* Records for the exercise
..............................
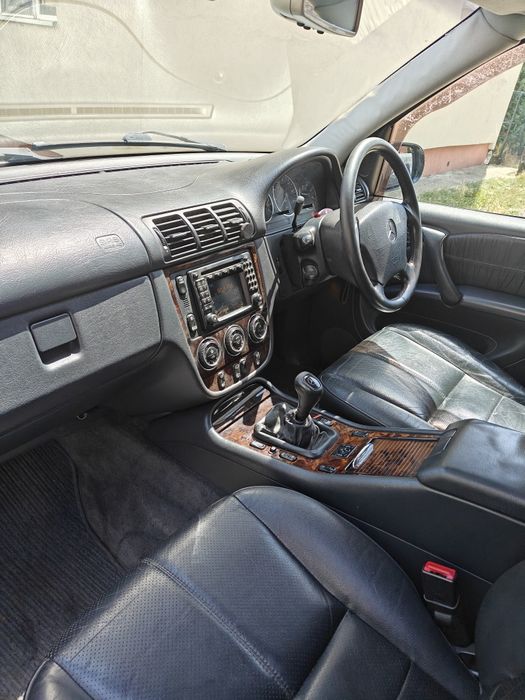 Mercedes Ml 270 manuala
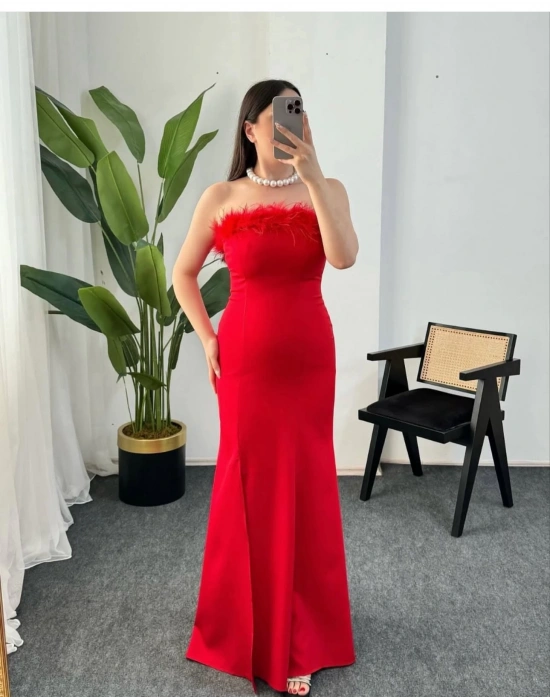 CARMEN KIRMIZI TÜYLÜ STRAPLEZ ELBİSE
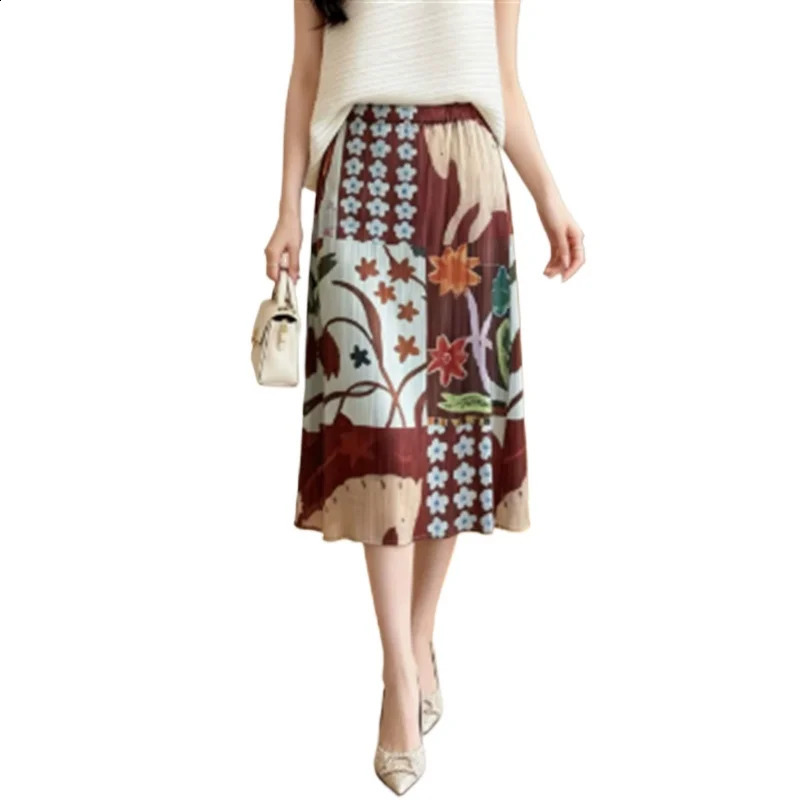 Miyake Pleated Printed Threedimensional Textured Elastic Waist Skirt 260626 - view 7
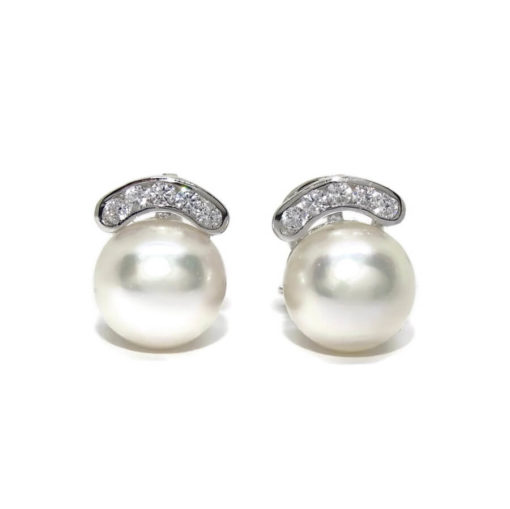 Pendientes para mujer de oro blanco de 18k con 10 circonitas y perla cultivada tipo botón de 9mm. Cierre omega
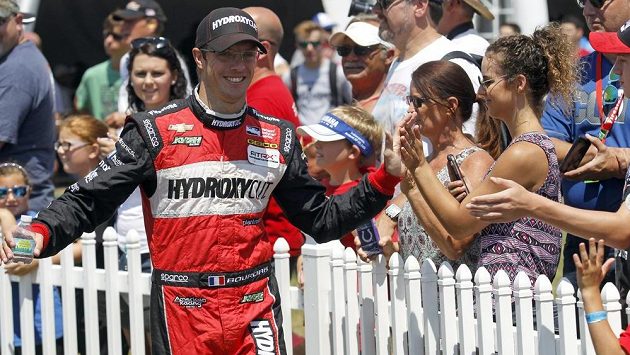 Francouzský pilot Sébastien Bourdais se tři měsíce po hrozivé havárii v Indianapolis nečekaně už tento týden vrátí k závodění. Francouzský pilot Sébastien Bourdais se tři měsíce po hrozivé havárii v Indianapolis nečekaně už tento týden vrátí k závodění.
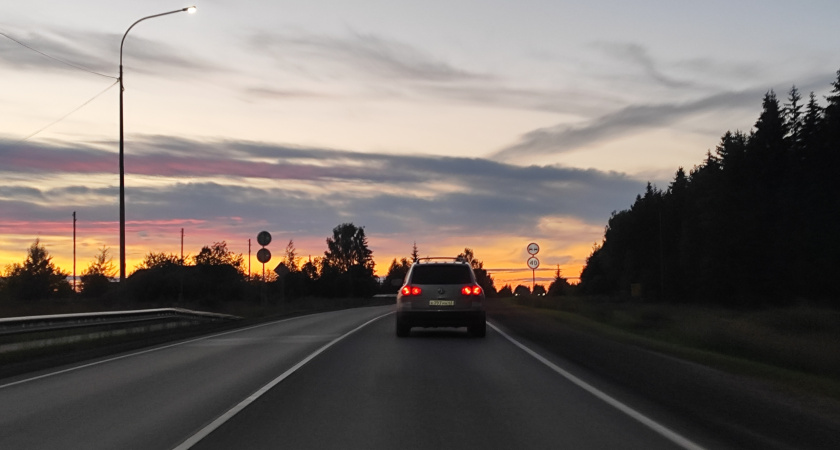 Зачем нужна сплошная линия на обочине справа и можно ли её пересекать: каверзные нюансы ПДД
..............................
* What to do
Retype, without any picture, exactly the lines from the one with "CARMEN KIRMIZI TÜYLÜ STRAPLEZ ELBİSE" through the end of the entries, inclusive.

* Response
 CARMEN KIRMIZI TÜYLÜ STRAPLEZ ELBİSE
 Miyake Pleated Printed Threedimensional Textured Elastic Waist Skirt 260626 - view 7
 Pendientes para mujer de oro blanco de 18k con 10 circonitas y perla cultivada tipo botón de 9mm. Cierre omega
 Francouzský pilot Sébastien Bourdais se tři měsíce po hrozivé havárii v Indianapolis nečekaně už tento týden vrátí k závodění. Francouzský pilot Sébastien Bourdais se tři měsíce po hrozivé havárii v Indianapolis nečekaně už tento týden vrátí k závodění.
 Зачем нужна сплошная линия на обочине справа и можно ли её пересекать: каверзные нюансы ПДД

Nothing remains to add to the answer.